Polished and politically useful, these statements are also strategically hollow. They gesture toward a shared ideal without ever saying what – or who – is being reflected. Our willingness to recite the slogans while avoiding those harder questions shows just how comfortable the system has become with performing cultural nationalism in theory while evading it in practice.

It is time to reconsider the boundaries of cultural regulation. This does not mean the state should dictate acceptable themes or prescribe ideological messages. But it does mean accepting that a meaningful cultural policy must grapple with questions of representation, narrative, and identity. If we truly want Canadian content to reflect Canadians, we must be willing to ask: Which Canadians? In what ways? And with whose stories?

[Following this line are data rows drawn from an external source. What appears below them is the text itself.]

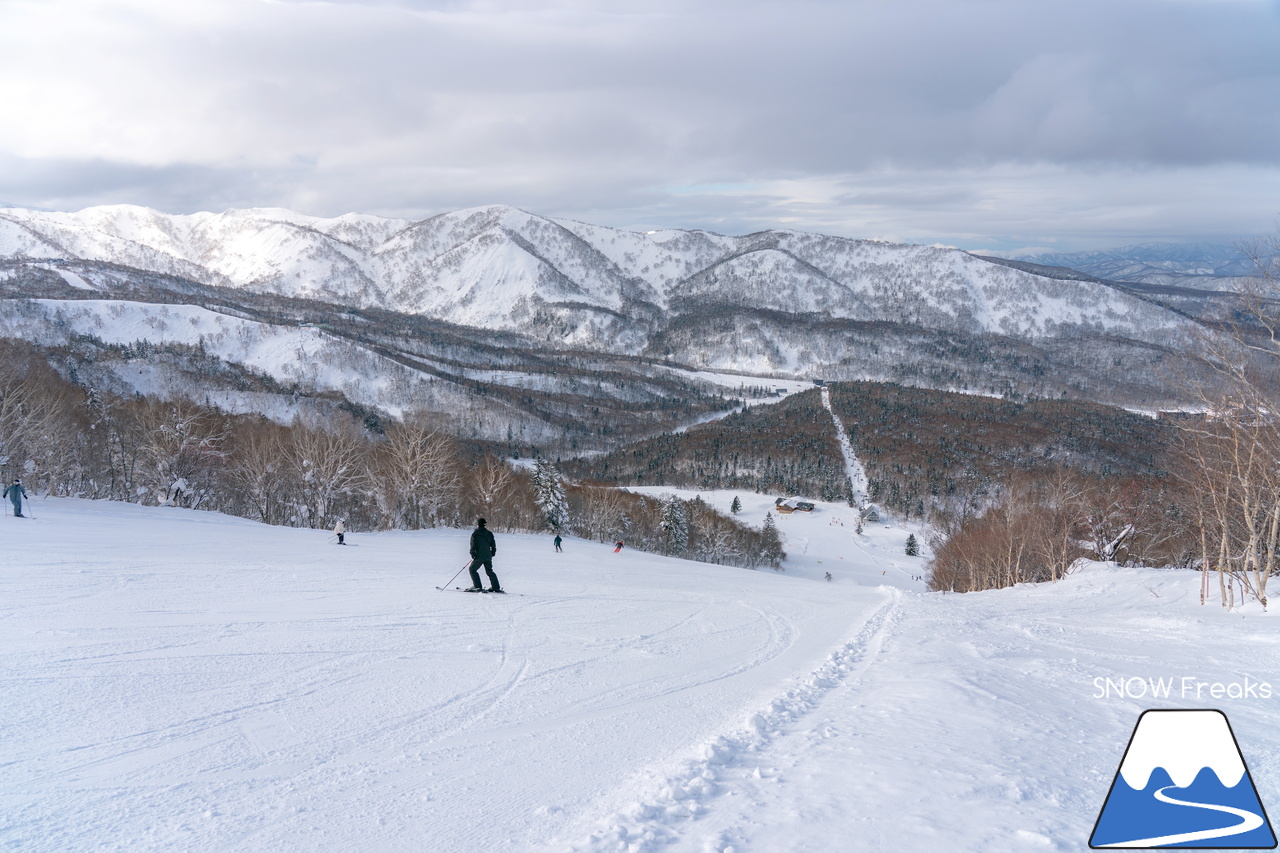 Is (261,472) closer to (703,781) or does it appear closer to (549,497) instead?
(549,497)

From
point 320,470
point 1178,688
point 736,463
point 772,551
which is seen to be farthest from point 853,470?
point 1178,688

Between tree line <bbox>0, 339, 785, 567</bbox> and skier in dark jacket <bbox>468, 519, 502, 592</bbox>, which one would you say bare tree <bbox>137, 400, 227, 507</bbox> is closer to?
tree line <bbox>0, 339, 785, 567</bbox>

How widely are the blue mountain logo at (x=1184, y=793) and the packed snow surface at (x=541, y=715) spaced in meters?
0.65

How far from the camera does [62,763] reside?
202 inches

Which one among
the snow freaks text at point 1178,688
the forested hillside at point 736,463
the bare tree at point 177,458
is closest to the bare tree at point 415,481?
the bare tree at point 177,458

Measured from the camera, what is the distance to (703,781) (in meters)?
5.21

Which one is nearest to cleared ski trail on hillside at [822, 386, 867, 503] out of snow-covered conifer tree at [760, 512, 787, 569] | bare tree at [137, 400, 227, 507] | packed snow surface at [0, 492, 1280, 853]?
snow-covered conifer tree at [760, 512, 787, 569]

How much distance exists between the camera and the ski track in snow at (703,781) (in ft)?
14.2

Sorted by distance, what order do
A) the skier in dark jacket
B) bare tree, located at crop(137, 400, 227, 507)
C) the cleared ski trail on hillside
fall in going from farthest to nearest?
the cleared ski trail on hillside, bare tree, located at crop(137, 400, 227, 507), the skier in dark jacket

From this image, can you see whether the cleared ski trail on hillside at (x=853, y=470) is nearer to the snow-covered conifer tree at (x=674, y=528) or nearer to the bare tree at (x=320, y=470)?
the snow-covered conifer tree at (x=674, y=528)

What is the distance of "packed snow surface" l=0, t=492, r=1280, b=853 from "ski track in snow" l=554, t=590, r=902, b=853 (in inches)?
1.1

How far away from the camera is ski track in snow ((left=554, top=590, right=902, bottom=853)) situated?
171 inches

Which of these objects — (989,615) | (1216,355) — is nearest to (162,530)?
(989,615)

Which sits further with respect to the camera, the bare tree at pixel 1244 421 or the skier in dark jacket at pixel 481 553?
the skier in dark jacket at pixel 481 553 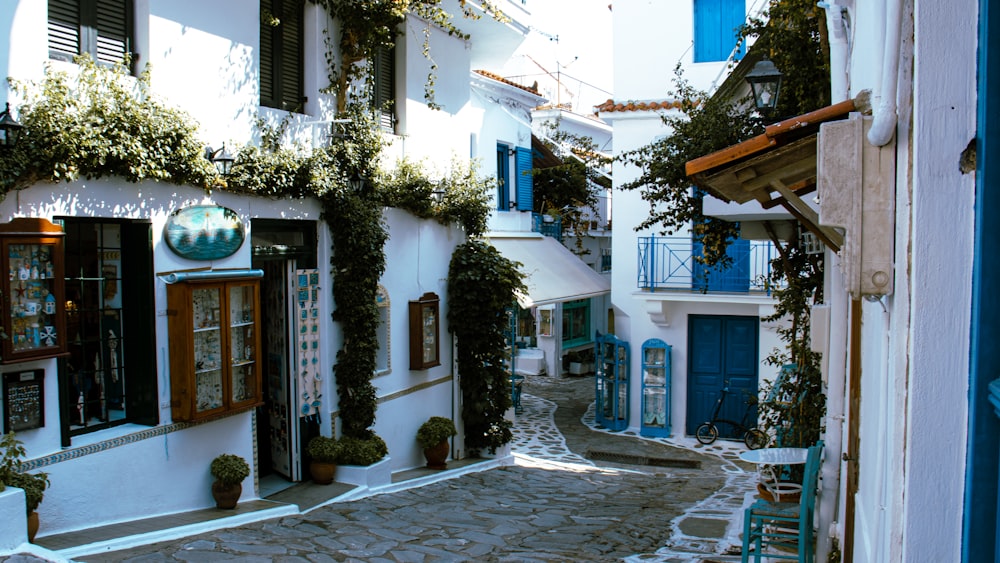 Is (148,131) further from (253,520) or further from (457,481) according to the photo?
(457,481)

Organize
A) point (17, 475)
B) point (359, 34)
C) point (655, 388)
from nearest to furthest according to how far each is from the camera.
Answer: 1. point (17, 475)
2. point (359, 34)
3. point (655, 388)

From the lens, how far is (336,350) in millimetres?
11258

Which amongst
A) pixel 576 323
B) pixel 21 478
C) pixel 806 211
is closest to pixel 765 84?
pixel 806 211

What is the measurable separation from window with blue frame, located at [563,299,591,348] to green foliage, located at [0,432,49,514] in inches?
780

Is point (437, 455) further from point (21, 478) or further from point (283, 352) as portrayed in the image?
point (21, 478)

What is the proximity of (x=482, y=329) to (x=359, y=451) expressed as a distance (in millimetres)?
3488

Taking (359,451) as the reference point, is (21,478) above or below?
above

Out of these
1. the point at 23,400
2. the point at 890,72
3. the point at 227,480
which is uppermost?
the point at 890,72

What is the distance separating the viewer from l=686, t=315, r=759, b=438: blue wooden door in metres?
17.7

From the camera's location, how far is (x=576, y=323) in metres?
26.9

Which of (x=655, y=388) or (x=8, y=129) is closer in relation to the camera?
(x=8, y=129)

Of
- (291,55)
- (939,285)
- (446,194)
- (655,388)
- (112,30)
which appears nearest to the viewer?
Result: (939,285)

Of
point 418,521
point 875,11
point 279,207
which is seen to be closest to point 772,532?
point 418,521

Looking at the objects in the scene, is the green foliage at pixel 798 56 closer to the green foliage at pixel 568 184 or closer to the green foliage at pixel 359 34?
the green foliage at pixel 359 34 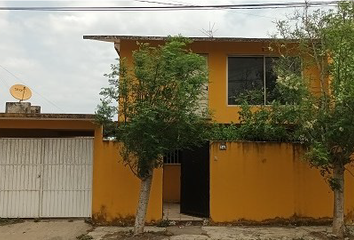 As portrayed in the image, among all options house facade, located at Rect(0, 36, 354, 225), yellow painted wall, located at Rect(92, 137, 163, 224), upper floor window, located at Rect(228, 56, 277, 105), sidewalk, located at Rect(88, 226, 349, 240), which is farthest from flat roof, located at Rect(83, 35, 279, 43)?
sidewalk, located at Rect(88, 226, 349, 240)

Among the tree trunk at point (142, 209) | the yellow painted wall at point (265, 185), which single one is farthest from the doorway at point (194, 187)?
the tree trunk at point (142, 209)

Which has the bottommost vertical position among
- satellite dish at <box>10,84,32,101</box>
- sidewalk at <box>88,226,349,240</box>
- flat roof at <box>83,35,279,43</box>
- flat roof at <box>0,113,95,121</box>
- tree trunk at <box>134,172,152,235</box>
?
sidewalk at <box>88,226,349,240</box>

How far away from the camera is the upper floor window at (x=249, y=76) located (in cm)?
1377

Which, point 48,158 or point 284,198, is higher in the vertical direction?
point 48,158

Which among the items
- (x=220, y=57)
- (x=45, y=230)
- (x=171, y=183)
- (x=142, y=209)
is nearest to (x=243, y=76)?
(x=220, y=57)

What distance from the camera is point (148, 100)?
357 inches

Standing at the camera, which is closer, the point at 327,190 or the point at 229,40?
the point at 327,190

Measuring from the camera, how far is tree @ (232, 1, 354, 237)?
8672 mm

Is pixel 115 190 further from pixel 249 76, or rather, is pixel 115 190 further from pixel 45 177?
pixel 249 76

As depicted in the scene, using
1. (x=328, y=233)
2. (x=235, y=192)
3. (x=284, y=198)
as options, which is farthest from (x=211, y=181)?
(x=328, y=233)

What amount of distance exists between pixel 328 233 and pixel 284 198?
1.50 m

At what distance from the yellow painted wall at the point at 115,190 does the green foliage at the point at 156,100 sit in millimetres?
1565

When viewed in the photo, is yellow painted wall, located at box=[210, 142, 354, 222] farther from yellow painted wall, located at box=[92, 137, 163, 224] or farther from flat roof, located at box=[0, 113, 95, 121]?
flat roof, located at box=[0, 113, 95, 121]

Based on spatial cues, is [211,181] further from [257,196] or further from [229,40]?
[229,40]
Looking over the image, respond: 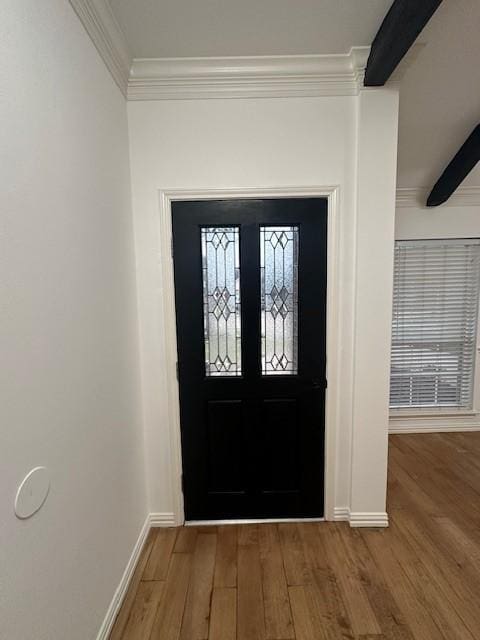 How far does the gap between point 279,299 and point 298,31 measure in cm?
138

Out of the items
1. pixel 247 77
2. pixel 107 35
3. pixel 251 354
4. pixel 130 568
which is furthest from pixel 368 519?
pixel 107 35

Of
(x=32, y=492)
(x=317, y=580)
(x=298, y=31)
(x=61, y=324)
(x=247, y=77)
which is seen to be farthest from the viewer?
(x=247, y=77)

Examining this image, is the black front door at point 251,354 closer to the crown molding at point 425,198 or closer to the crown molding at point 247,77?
the crown molding at point 247,77

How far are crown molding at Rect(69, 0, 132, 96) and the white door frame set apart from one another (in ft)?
2.04

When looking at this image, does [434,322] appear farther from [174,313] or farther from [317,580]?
[174,313]

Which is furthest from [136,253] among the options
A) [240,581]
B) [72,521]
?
[240,581]

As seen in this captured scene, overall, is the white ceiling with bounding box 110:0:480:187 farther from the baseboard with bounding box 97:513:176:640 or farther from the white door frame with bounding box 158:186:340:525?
the baseboard with bounding box 97:513:176:640

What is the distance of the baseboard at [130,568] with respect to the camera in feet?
4.64

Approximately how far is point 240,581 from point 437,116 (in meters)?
3.32

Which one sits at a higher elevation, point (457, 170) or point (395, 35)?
point (395, 35)

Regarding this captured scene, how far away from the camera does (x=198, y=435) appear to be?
6.73ft

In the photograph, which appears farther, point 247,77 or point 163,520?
point 163,520

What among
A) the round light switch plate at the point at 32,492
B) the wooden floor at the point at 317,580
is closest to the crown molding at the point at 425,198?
the wooden floor at the point at 317,580

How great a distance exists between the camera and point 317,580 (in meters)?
1.66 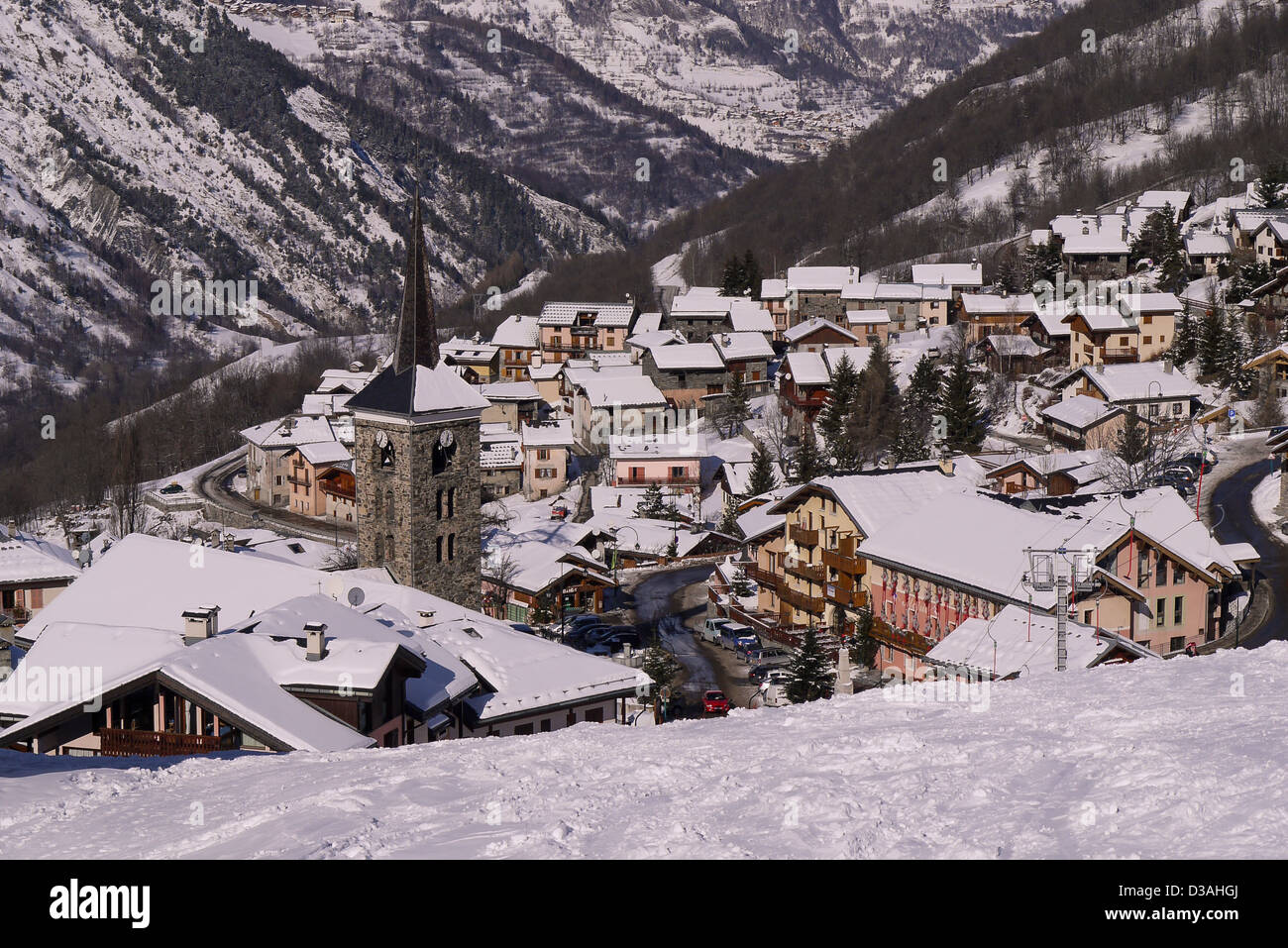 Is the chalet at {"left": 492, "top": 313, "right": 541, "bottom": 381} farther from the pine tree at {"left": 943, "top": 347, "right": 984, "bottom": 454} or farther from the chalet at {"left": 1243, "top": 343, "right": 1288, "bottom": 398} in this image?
the chalet at {"left": 1243, "top": 343, "right": 1288, "bottom": 398}

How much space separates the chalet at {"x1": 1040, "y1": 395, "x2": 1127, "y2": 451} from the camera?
68.6m

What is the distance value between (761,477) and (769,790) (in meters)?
55.2

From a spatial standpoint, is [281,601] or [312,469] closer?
[281,601]

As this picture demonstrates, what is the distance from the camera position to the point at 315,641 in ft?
81.0

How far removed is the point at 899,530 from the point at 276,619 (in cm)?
2351

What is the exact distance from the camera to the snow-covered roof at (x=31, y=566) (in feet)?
165

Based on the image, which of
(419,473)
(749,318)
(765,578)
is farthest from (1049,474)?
(749,318)

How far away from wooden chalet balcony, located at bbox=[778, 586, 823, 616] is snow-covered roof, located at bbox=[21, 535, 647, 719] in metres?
17.5

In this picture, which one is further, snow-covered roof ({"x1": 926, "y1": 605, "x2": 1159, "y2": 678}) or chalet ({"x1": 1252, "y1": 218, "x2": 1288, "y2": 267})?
chalet ({"x1": 1252, "y1": 218, "x2": 1288, "y2": 267})

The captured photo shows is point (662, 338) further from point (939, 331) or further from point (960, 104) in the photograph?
point (960, 104)

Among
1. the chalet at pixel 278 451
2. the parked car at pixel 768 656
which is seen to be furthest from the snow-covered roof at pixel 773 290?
the parked car at pixel 768 656

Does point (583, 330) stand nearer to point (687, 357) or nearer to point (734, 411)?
point (687, 357)

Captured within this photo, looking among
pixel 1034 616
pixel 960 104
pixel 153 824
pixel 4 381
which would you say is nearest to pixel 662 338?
pixel 1034 616

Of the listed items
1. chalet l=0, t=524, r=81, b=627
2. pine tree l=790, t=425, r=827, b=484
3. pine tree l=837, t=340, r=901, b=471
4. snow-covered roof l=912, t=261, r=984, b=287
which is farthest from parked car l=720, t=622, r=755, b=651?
snow-covered roof l=912, t=261, r=984, b=287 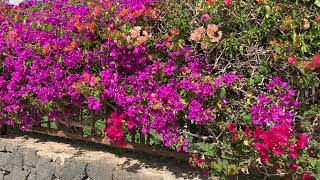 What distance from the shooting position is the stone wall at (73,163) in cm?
391

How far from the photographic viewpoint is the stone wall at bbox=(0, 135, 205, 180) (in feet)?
12.8

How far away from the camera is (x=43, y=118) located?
16.5 ft

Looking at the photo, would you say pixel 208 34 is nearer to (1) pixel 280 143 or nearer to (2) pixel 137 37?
(2) pixel 137 37

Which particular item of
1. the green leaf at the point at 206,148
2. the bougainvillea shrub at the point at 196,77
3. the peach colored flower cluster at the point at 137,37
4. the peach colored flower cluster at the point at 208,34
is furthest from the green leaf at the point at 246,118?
the peach colored flower cluster at the point at 137,37

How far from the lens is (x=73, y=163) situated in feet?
14.0

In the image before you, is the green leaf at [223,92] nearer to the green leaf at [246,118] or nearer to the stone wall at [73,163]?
the green leaf at [246,118]

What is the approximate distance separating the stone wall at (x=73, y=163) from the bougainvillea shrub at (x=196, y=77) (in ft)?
0.60

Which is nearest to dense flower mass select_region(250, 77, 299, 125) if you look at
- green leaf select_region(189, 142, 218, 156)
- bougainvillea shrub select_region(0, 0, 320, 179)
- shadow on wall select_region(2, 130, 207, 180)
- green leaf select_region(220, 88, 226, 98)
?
bougainvillea shrub select_region(0, 0, 320, 179)

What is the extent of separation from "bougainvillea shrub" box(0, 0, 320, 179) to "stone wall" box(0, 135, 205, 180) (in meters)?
0.18

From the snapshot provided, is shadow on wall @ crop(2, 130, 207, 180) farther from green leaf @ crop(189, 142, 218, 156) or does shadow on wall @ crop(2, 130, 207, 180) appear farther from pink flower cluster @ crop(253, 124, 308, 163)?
pink flower cluster @ crop(253, 124, 308, 163)

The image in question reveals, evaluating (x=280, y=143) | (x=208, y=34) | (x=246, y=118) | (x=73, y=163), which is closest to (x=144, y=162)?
(x=73, y=163)

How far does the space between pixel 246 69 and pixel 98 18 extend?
4.66 feet

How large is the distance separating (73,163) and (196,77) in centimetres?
152

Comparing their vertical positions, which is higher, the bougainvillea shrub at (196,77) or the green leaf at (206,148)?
the bougainvillea shrub at (196,77) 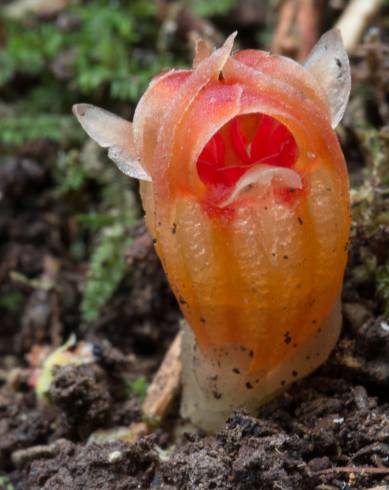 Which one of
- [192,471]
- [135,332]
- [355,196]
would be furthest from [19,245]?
[192,471]

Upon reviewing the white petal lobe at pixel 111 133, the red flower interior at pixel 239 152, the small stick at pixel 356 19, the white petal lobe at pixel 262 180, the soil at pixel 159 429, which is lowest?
the soil at pixel 159 429

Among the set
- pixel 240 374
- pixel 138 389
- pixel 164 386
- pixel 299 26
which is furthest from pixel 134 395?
pixel 299 26

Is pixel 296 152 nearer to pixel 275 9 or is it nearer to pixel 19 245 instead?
pixel 19 245

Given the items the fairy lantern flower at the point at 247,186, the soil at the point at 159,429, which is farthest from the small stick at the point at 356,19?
the fairy lantern flower at the point at 247,186

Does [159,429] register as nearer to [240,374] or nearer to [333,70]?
[240,374]

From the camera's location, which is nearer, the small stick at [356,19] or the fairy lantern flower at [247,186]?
the fairy lantern flower at [247,186]

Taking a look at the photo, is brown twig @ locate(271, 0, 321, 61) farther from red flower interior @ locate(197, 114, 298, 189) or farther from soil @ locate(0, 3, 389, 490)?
red flower interior @ locate(197, 114, 298, 189)

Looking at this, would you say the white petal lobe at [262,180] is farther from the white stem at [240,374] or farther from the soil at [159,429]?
the soil at [159,429]

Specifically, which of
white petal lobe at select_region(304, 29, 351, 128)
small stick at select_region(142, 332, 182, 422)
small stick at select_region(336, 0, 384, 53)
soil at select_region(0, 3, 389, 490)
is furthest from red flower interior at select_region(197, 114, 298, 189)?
small stick at select_region(336, 0, 384, 53) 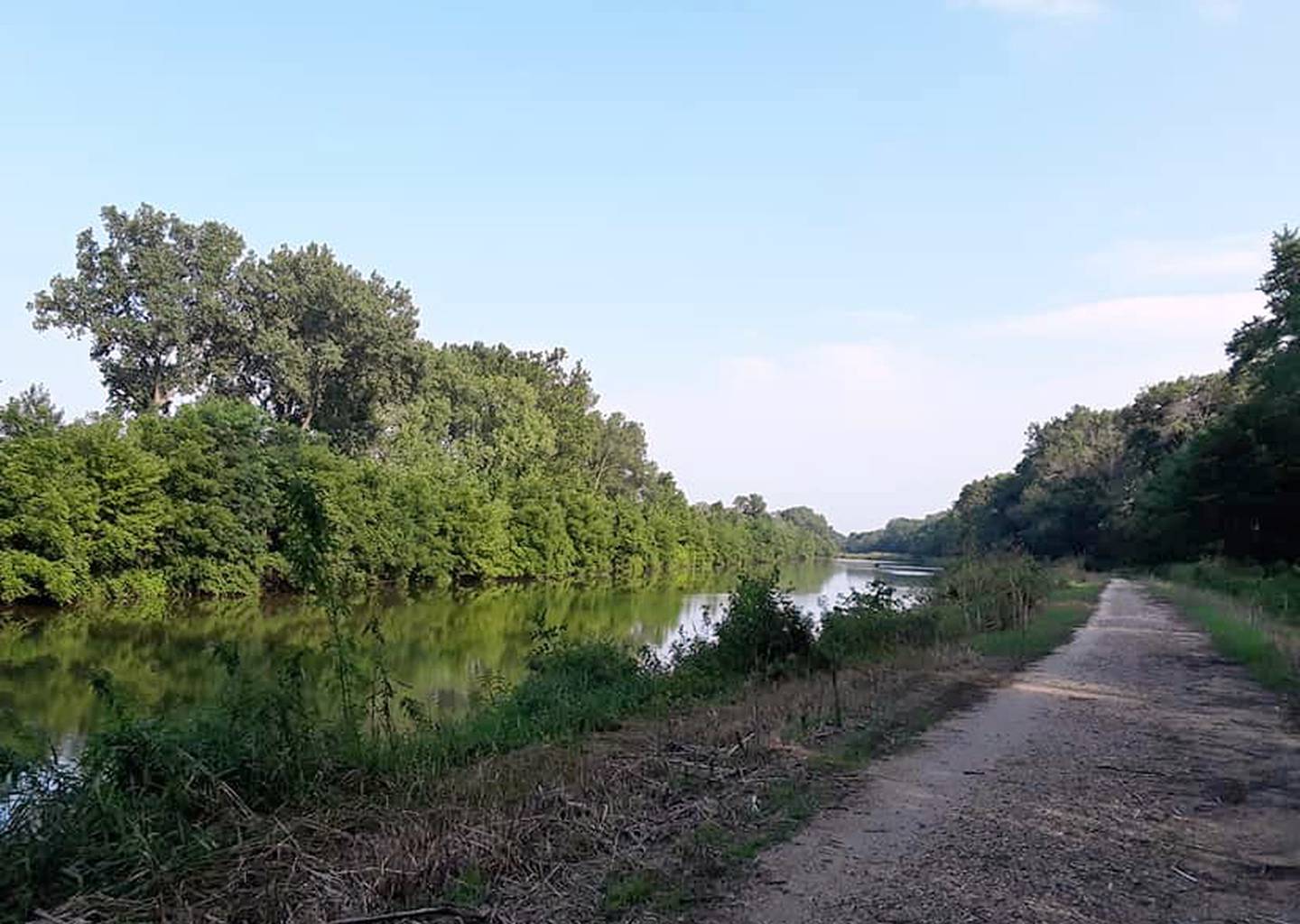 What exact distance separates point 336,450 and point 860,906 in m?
53.4

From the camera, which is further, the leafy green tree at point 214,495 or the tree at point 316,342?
the tree at point 316,342

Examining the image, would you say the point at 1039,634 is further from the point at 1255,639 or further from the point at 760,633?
the point at 760,633

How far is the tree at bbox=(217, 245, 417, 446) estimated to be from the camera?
176ft

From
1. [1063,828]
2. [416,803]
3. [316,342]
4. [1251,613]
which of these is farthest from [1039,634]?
[316,342]

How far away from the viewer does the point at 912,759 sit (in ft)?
29.5

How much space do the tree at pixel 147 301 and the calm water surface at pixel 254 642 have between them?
19096mm

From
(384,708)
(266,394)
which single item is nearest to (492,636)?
(384,708)

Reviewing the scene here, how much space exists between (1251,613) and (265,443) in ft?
132

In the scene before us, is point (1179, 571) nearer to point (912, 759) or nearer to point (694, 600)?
point (694, 600)

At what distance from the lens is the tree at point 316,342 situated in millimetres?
53781

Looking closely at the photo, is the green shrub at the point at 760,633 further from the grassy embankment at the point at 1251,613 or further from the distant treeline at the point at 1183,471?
the distant treeline at the point at 1183,471

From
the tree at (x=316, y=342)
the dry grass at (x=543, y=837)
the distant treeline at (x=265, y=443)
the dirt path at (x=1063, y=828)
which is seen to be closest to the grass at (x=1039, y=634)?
the dirt path at (x=1063, y=828)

To do this, Canada might borrow from models in other jurisdictions that take cultural meaning seriously. In Australia, for example, public broadcasters are given mandates not only to use local talent but to reflect the diversity of Australian society in their programming. In the U.K., the concept of “public value” guides the BBC’s programming decisions, requiring a consideration of impact, representation, and innovation. These approaches do not avoid questions of cultural content – they embrace them, while still preserving editorial freedom.

Canada’s unique context calls for its own approach, but the underlying principle holds: a national cultural policy that refuses to engage with cultural meaning is not neutral in character – it is neglectful. And in practice, it means abdicating responsibility for how Canadian identity is shaped in the public sphere.

We are long past the point where the input model can be defended as an adequate stand-in for cultural reflection. The original fear – that evaluating content would open the door to censorship or political manipulation – was never entirely unfounded. But the greater danger today is that by avoiding cultural judgment entirely, we have created a system that performs cultural nationalism without delivering it.

As policymakers debate how much streamers should contribute and whether traditional players deserve regulatory relief, they must confront a deeper reckoning: What do we mean by “Canadian content” in the first place?

For too long, cultural regulation in this country has hidden behind forms and formulas, afraid to engage with the harder questions of meaning, identity, and relevance. That fear has hollowed out the very purpose of public cultural support. The sustainability of our cultural sector depends not just on money or market fairness, but on whether the content produced holds meaning for those it claims to represent. Any policy that rewards compliance over resonance, or box-checking over storytelling, is no longer fit for purpose.

The market dynamics hearings may be framed in economic terms, but their outcomes will shape the stories that get made – and the nation that gets reflected. It’s time for the government, and the bureaucrats who defend these systems, to show some courage. To acknowledge that culture is not neutral and never has been. And to accept, finally, the responsibility of helping a country understand itself.

Mark Musselman is a PhD candidate in Law at the University of Ottawa, where his research focuses on Canadian cultural policy, media regulation, and the evolving dynamics of national identity in the digital age. Prior to returning to academia, he practiced entertainment and media law at Goodmans LLP and spent nearly two decades as a senior executive at Serendipity Point Films, responsible for the commercial aspects of the development, financing, production, and distribution of its film and television projects. Mark later co-founded Barnraiser, a consultancy focused on film financing and cultural advocacy.